Begin with the line below holding "2016 Massey Ferguson" and go on through the line holding "Im zweiten Quartal", duplicating each line exactly and leaving out pictures.
---------- RECORDS SUPPLIED ----------
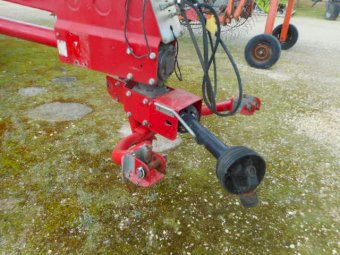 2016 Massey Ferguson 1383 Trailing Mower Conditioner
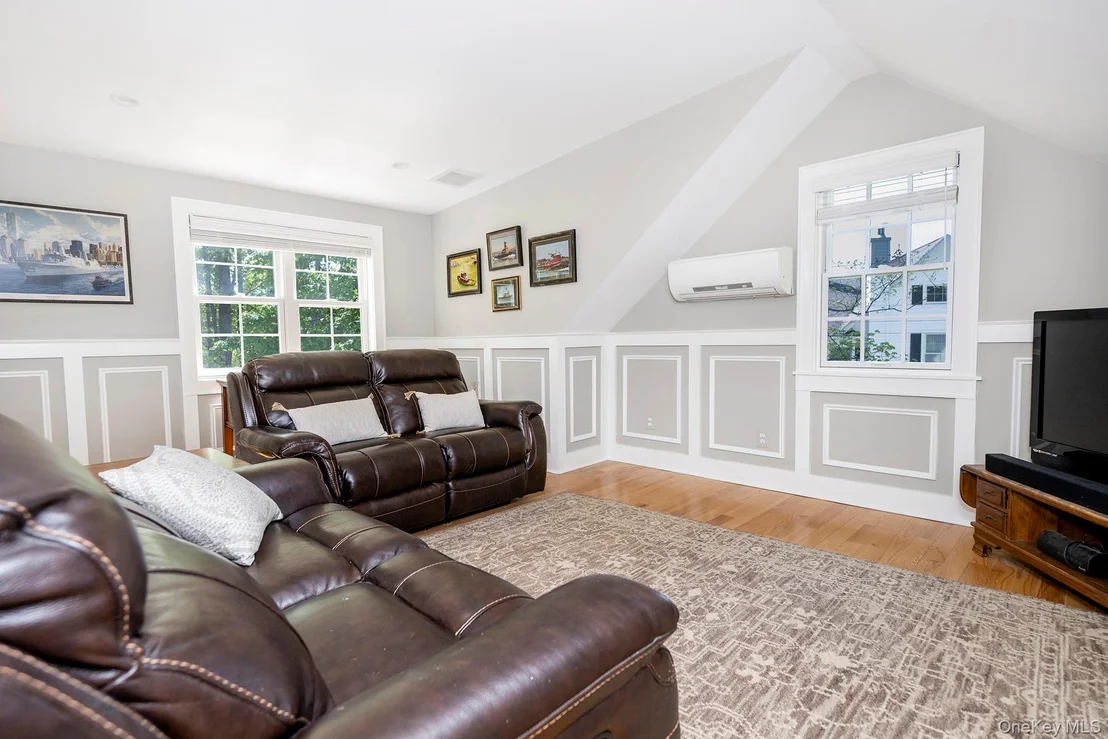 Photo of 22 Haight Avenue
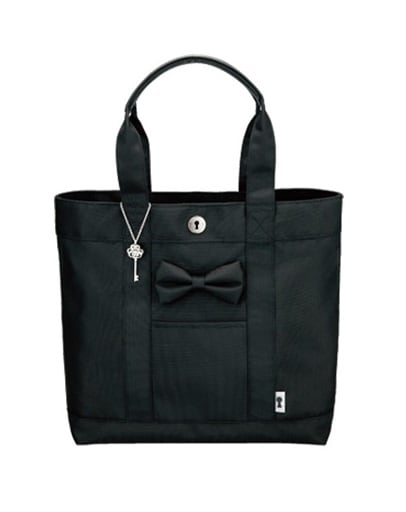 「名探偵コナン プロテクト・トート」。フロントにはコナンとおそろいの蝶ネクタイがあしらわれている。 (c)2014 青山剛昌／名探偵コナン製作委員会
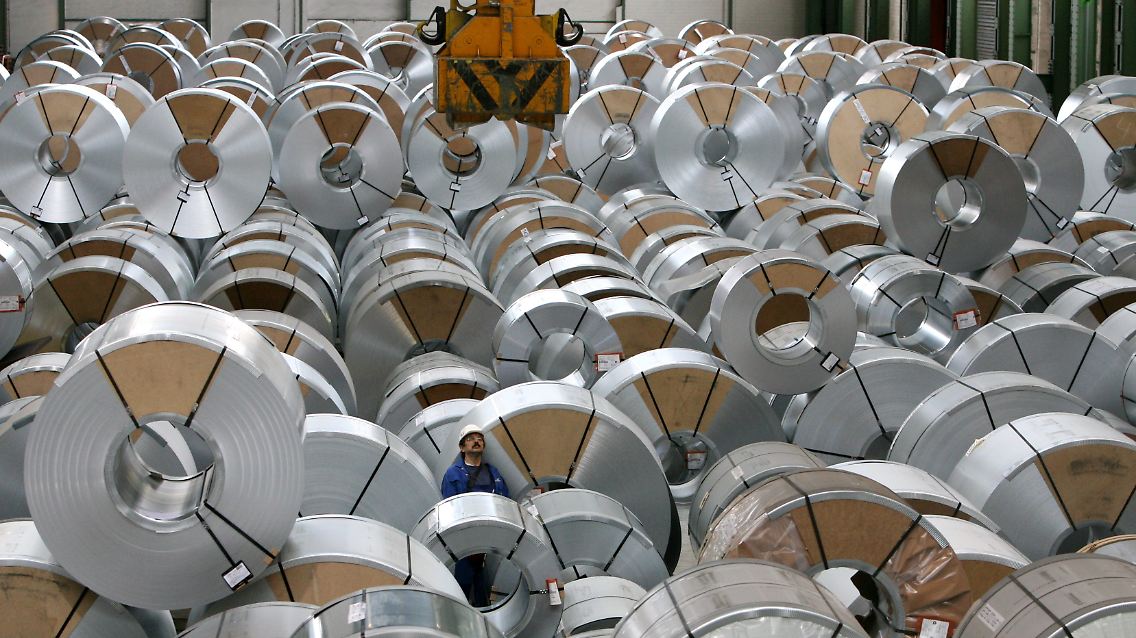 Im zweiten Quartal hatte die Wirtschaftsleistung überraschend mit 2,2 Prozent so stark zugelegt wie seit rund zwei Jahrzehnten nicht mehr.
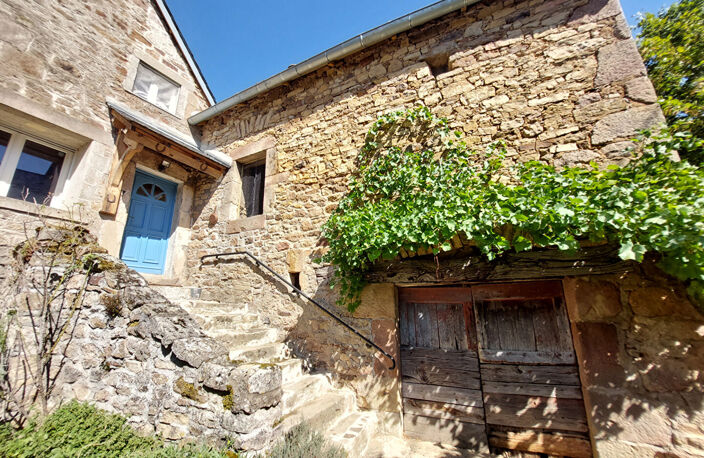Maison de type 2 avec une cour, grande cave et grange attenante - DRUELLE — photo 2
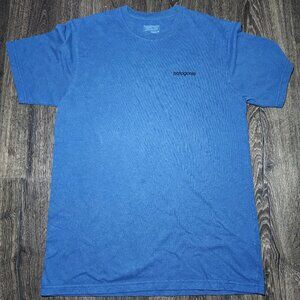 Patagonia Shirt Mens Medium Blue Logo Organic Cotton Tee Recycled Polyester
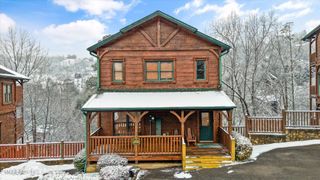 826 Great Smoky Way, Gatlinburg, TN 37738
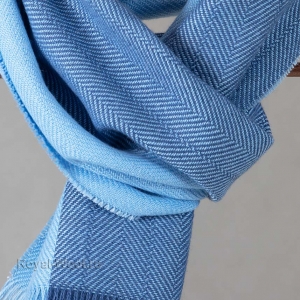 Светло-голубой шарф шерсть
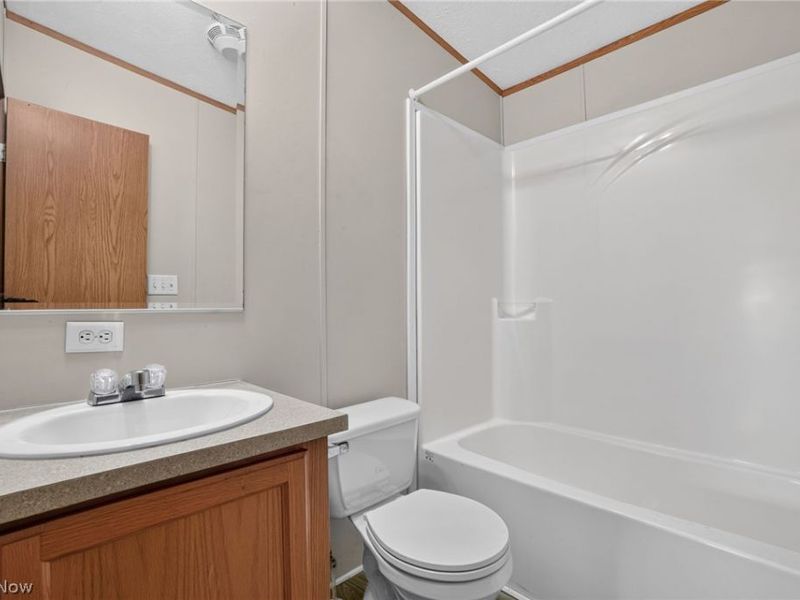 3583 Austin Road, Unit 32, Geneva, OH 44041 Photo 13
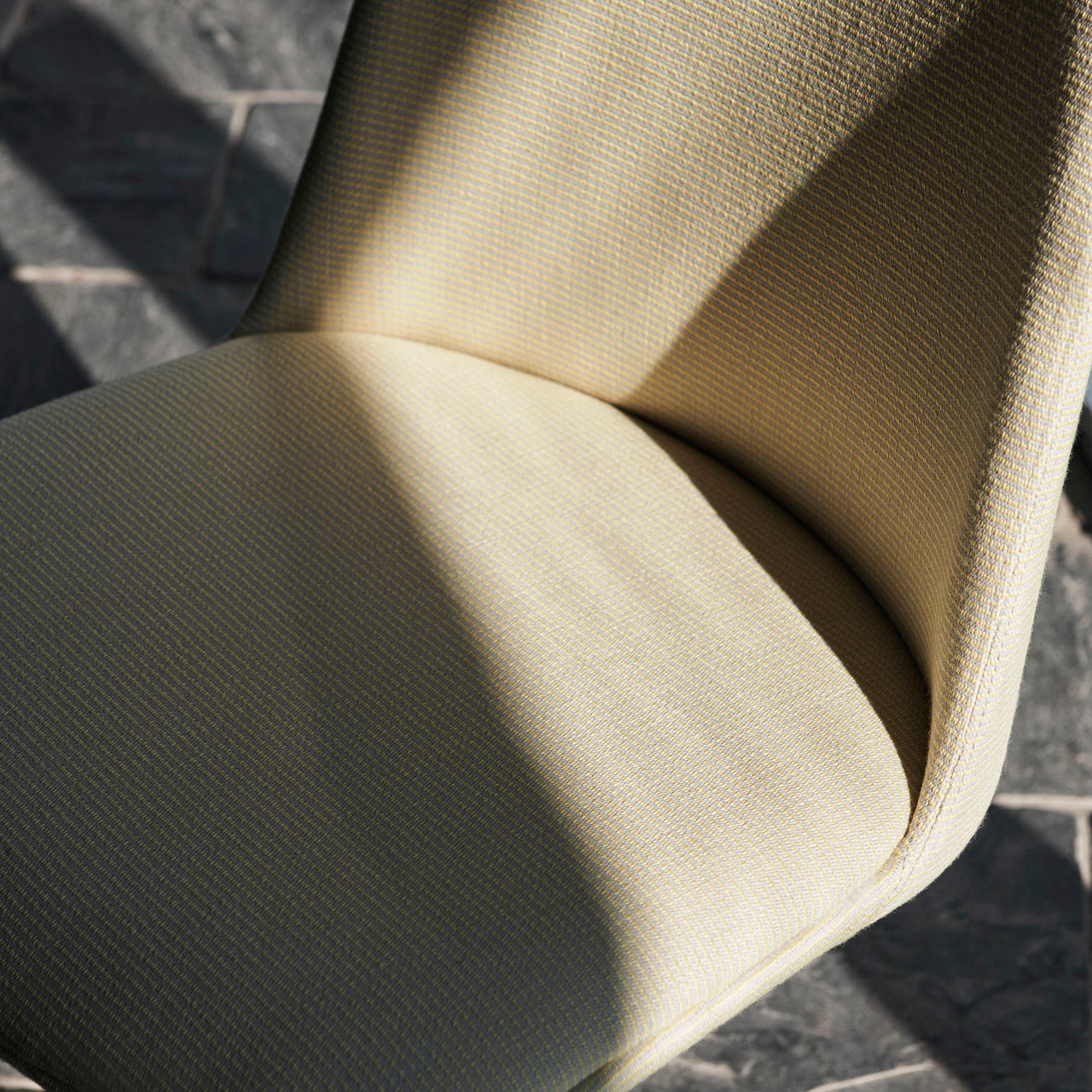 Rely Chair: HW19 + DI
----------
---------- RECORDS SUPPLIED ----------
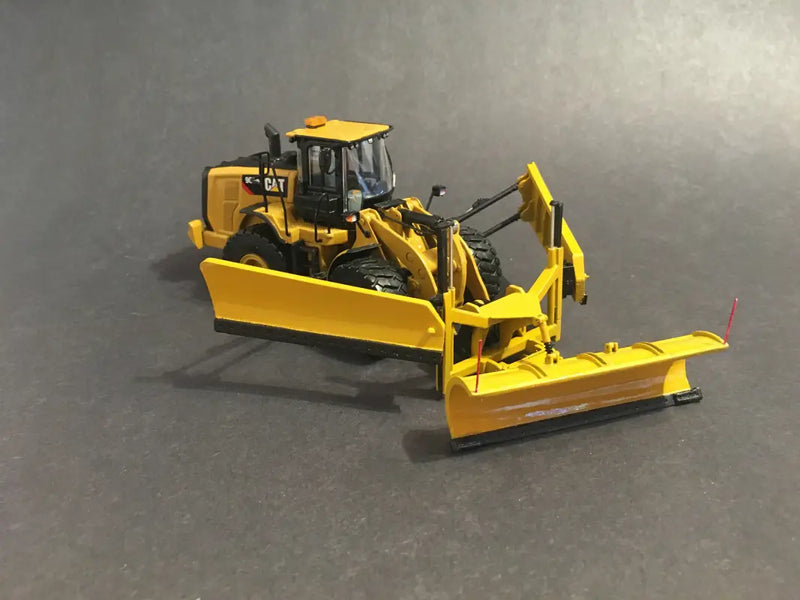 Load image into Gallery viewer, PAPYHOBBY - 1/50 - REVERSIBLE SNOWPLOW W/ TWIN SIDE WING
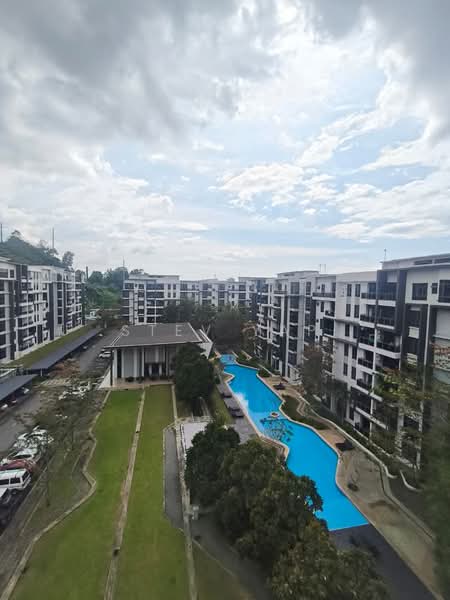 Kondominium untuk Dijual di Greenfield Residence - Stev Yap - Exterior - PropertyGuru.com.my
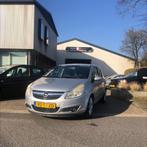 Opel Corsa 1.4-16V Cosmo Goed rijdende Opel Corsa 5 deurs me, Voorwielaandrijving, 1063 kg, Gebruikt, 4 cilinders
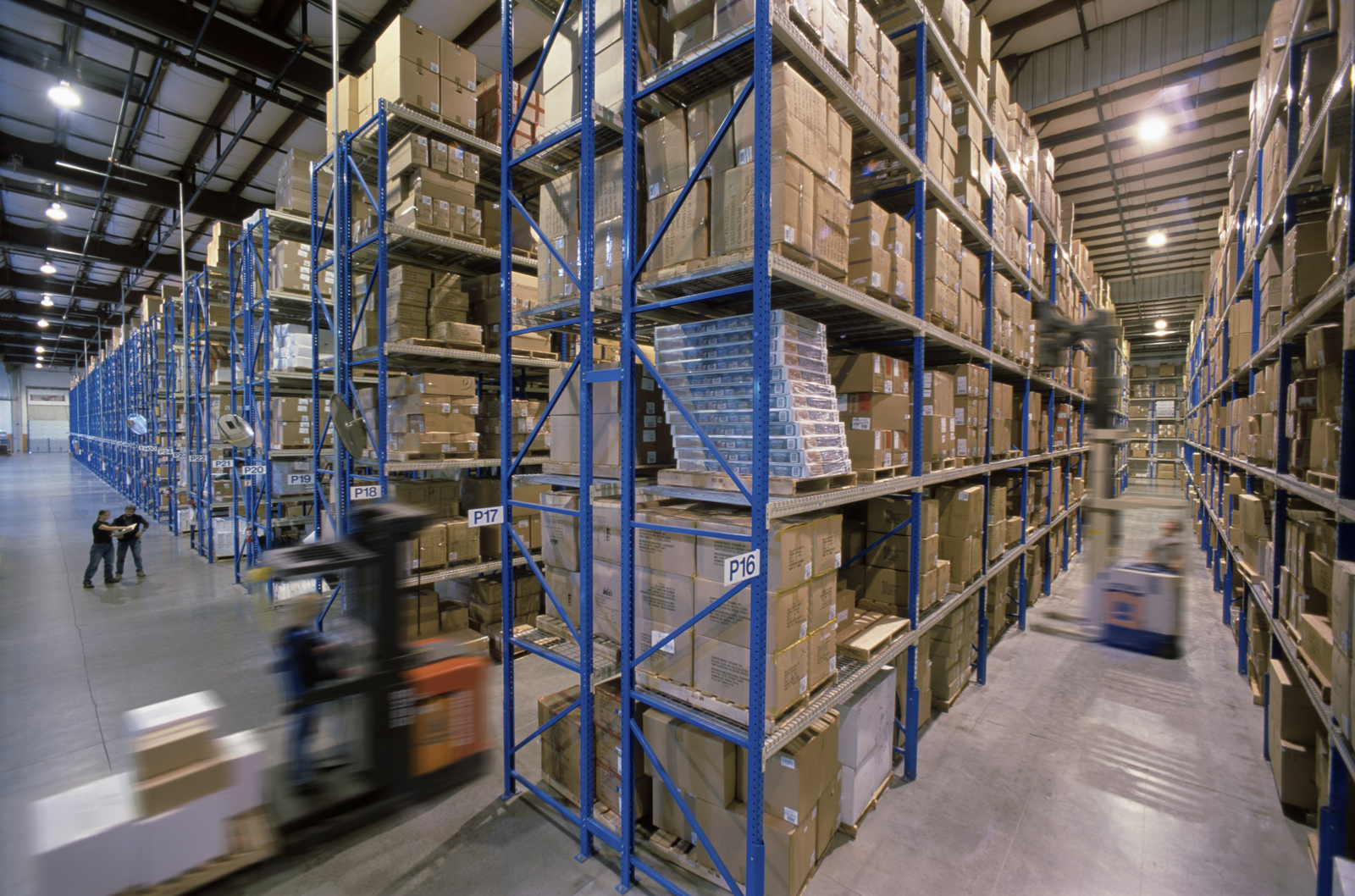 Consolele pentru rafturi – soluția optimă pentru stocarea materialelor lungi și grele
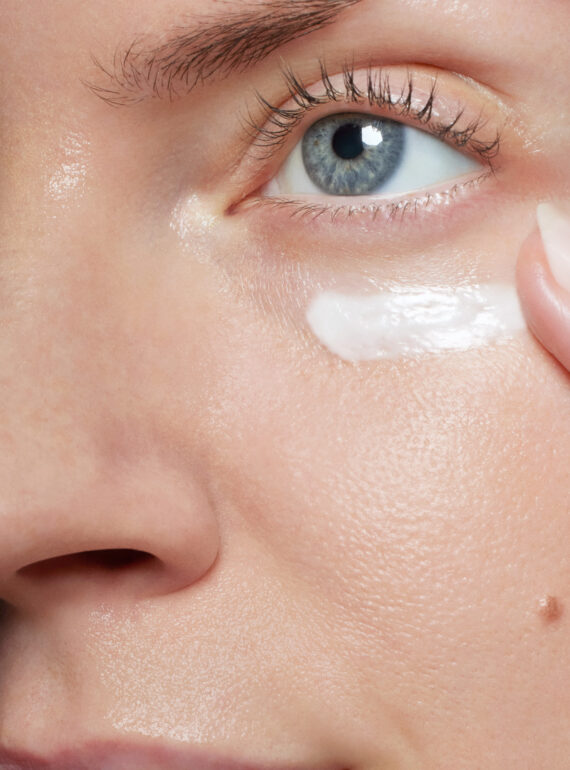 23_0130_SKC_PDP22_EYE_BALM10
----------
---------- RECORDS SUPPLIED ----------
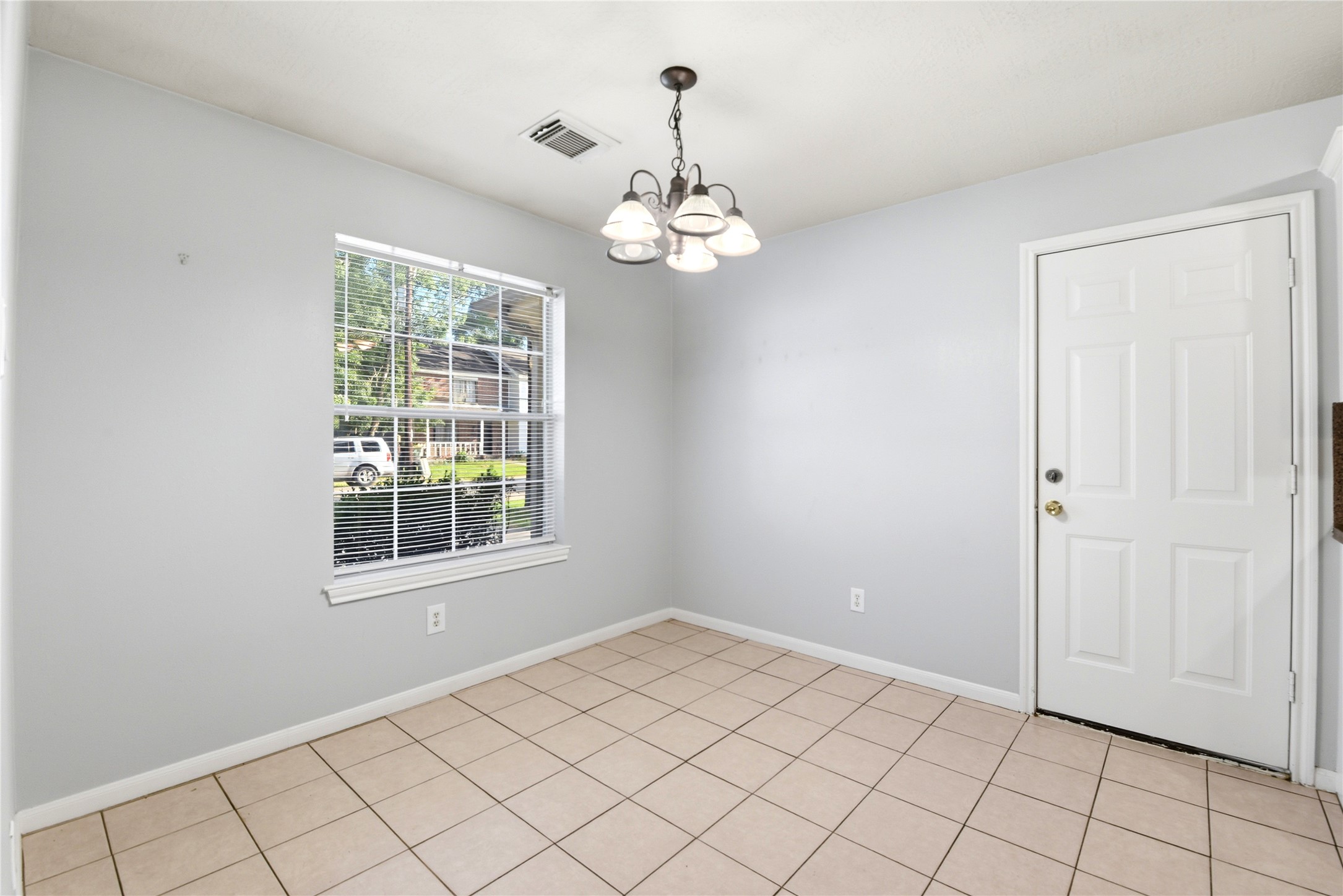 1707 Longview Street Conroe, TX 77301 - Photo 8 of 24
----------
ANSWER AREA:
 2016 Massey Ferguson 1383 Trailing Mower Conditioner
 Photo of 22 Haight Avenue
 「名探偵コナン プロテクト・トート」。フロントにはコナンとおそろいの蝶ネクタイがあしらわれている。 (c)2014 青山剛昌／名探偵コナン製作委員会
 Im zweiten Quartal hatte die Wirtschaftsleistung überraschend mit 2,2 Prozent so stark zugelegt wie seit rund zwei Jahrzehnten nicht mehr.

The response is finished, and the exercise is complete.